LantaoJin opened a new issue, #83:
URL: https://github.com/apache/datafusion-java/issues/83
### Is your feature request related to a problem or challenge?
PR **#28** added `tempDirectory(String)` to `SessionContextBuilder` so
callers can route DataFusion's spill files to a chosen directory. That setter
is the only Java surface for DataFusion's `RuntimeEnvBuilder` disk-manager
knobs today. Three real gaps remain — all three reachable on the Rust side,
none reachable from Java:
- **No way to spread spill across multiple volumes.**
`tempDirectory(String)` accepts one path. Upstream's
`DiskManagerMode::Directories(Vec<PathBuf>)` accepts many; spreading I/O across
disks is a real production pattern when one disk has insufficient bandwidth or
size.
- **No way to disable spill entirely.** Upstream offers
`DiskManagerMode::Disabled` for memory-only execution (queries that need spill
fail with `ResourcesExhausted` rather than going to disk). Useful for pinning
latency-sensitive queries to memory or for environments without writable disk.
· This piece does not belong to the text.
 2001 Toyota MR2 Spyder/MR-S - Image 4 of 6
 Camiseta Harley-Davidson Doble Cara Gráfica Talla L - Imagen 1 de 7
- **No way to cap the spill volume size.** Upstream's
`RuntimeEnvBuilder::with_max_temp_directory_size(u64)` exists; without exposing
it, a runaway sort or hash-aggregate can fill the spill disk — which on a
multi-tenant node is a co-tenant outage, not just a query failure.
None of the three is reachable via `setOption(...)`. `setOption` routes
through DataFusion's `ConfigOptions::set(key, value)`. The disk-manager
configuration lives on `RuntimeEnv` construction, not in that namespace.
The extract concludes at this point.